Start with 4-5 workers, each handling 10-20 concurrent requests. Scale based on your throughput needs and target site tolerance. For most projects, 10-20 workers handle millions of pages per day.
Should I use Celery or build my own worker system?
Use Celery for most projects — it handles task routing, retries, monitoring, and scaling out of the box. Build custom only if you need sub-millisecond latency or have unusual routing requirements.
How do I avoid getting blocked at scale?
Combine rotating residential proxies, realistic request headers, randomized delays, and domain-based rate limiting. See our anti-bot detection guide for detailed strategies.
What’s the best message queue for distributed scraping?
Redis for simplicity and speed (most projects). RabbitMQ if you need complex routing rules. Kafka if you’re processing 10M+ URLs and need replay capability.
How do I handle JavaScript-rendered pages in distributed scraping?

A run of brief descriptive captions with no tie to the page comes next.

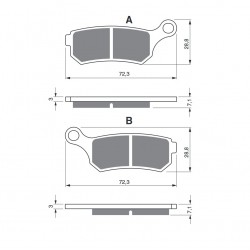 Placute de frana GOLDFREN 319 K5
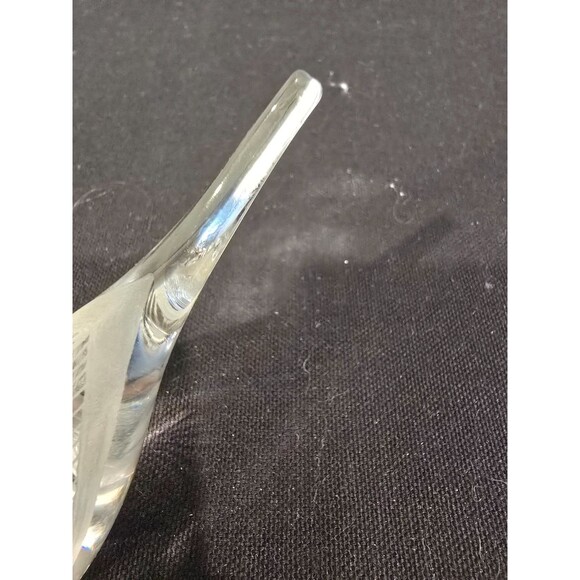 Signed Kosta 97429 Paul Hoff Glass Bird – Swedish Art Glass – Vtg 1970s Figurine - Picture 6 of 9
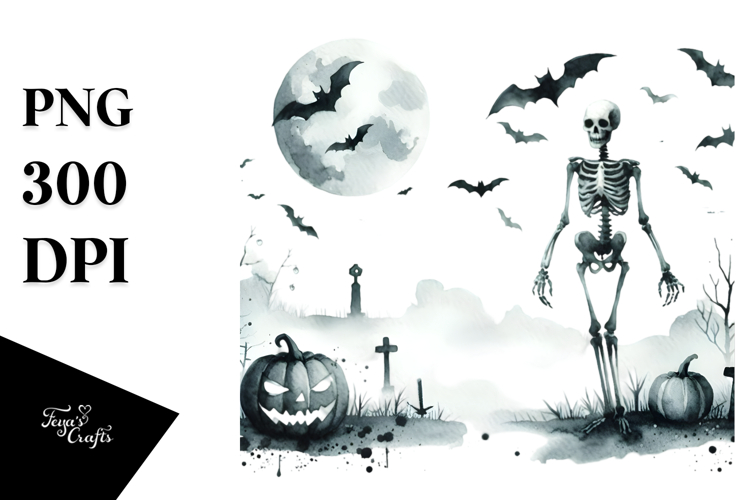 Transparent Halloween Clipart Image 7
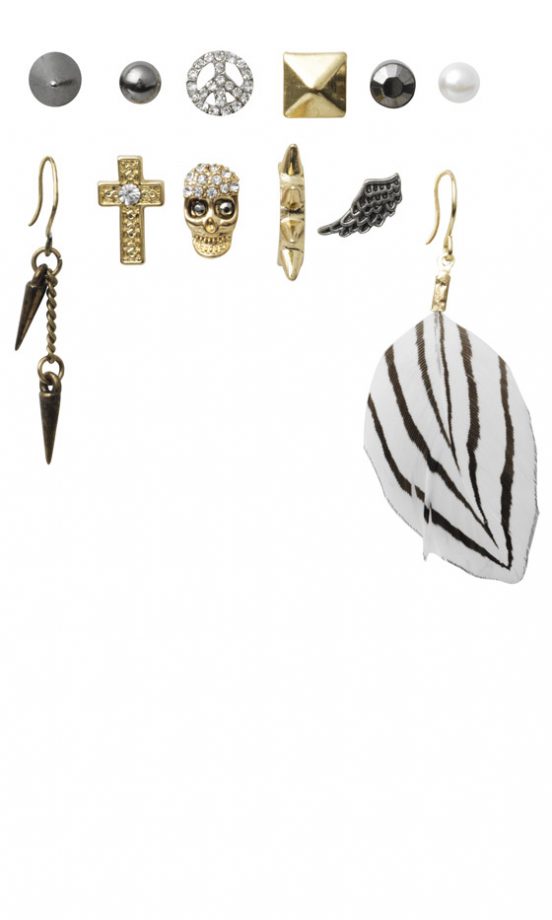 Primark SS13 Multi Earrings Pack, £2.50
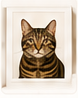 Framed cat portrait thumbnail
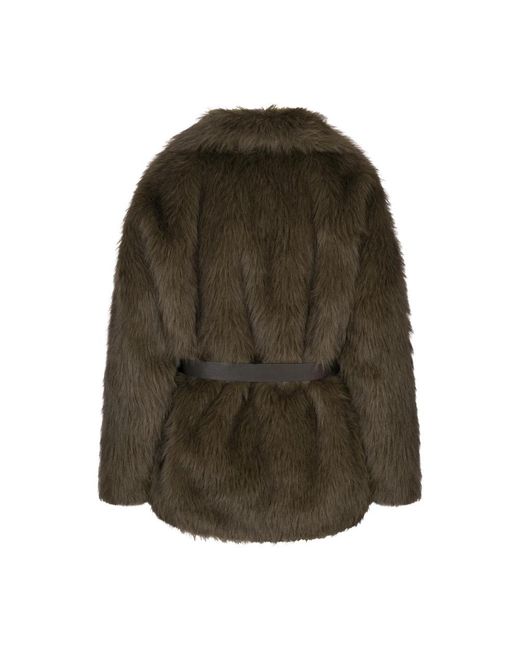 P.A.R.O.S.H. Green Faux Fur & Shearling Jackets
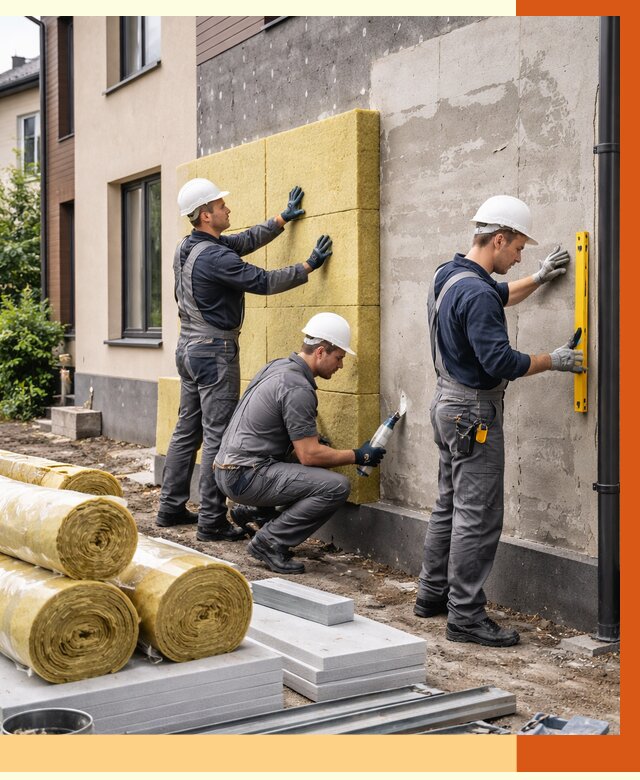 Утепление таунхауса в Туймазах от 7337 руб/м2 — комплекс под ключ | ТепломастерТмз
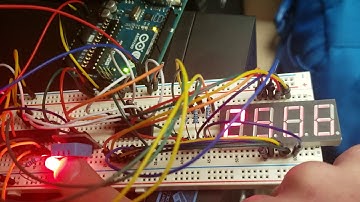 Barebones Arduino 7-segment Temperature Display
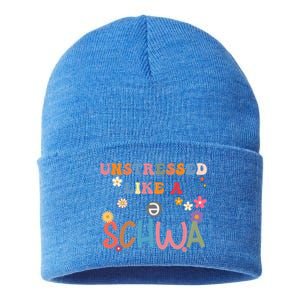 Science Of Reading I Want To Be A Schwa ItS Never Stressed Funny Gift Sustainable Knit Beanie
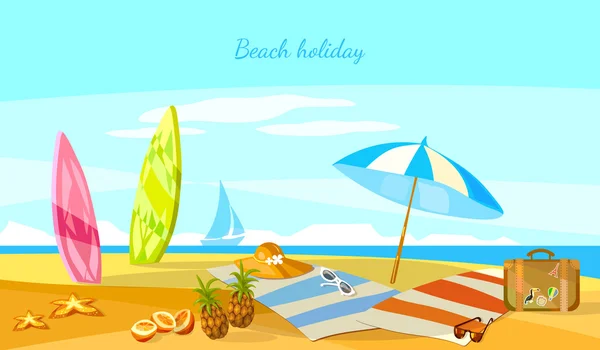 Summer holiday sunset beach scene tropical paradise vacation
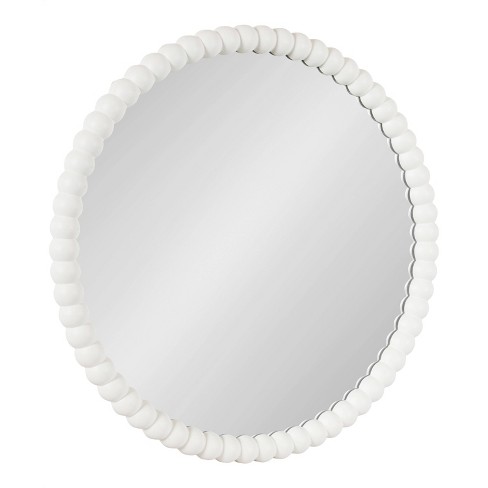 Kate & Laurel All Things Decor 28"x28" Bronte Decorative Wall Mirror Wood White - image 1 of 4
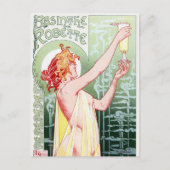 Art Nouveau Poster Briefkaart (Voorkant)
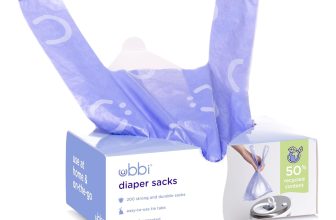 Ubbi Disposable Diaper Sacks, Lavender Scented,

Use dedicated browser worker pools running headless Chrome/Playwright. These are resource-intensive, so separate them from your lightweight HTTP workers. See our JavaScript scraping guide for details.
Conclusion
Distributed web scraping transforms scraping from a fragile single-machine process into a resilient, scalable data collection system. The architecture — scheduler, message queue, workers, storage, and proxy pool — provides the foundation for scraping at any scale.
Start with the Redis + Celery setup shown here, add proxy rotation for IP management, and scale workers horizontally as your needs grow. The investment in distributed architecture pays off the moment your scraping targets exceed what a single machine can handle.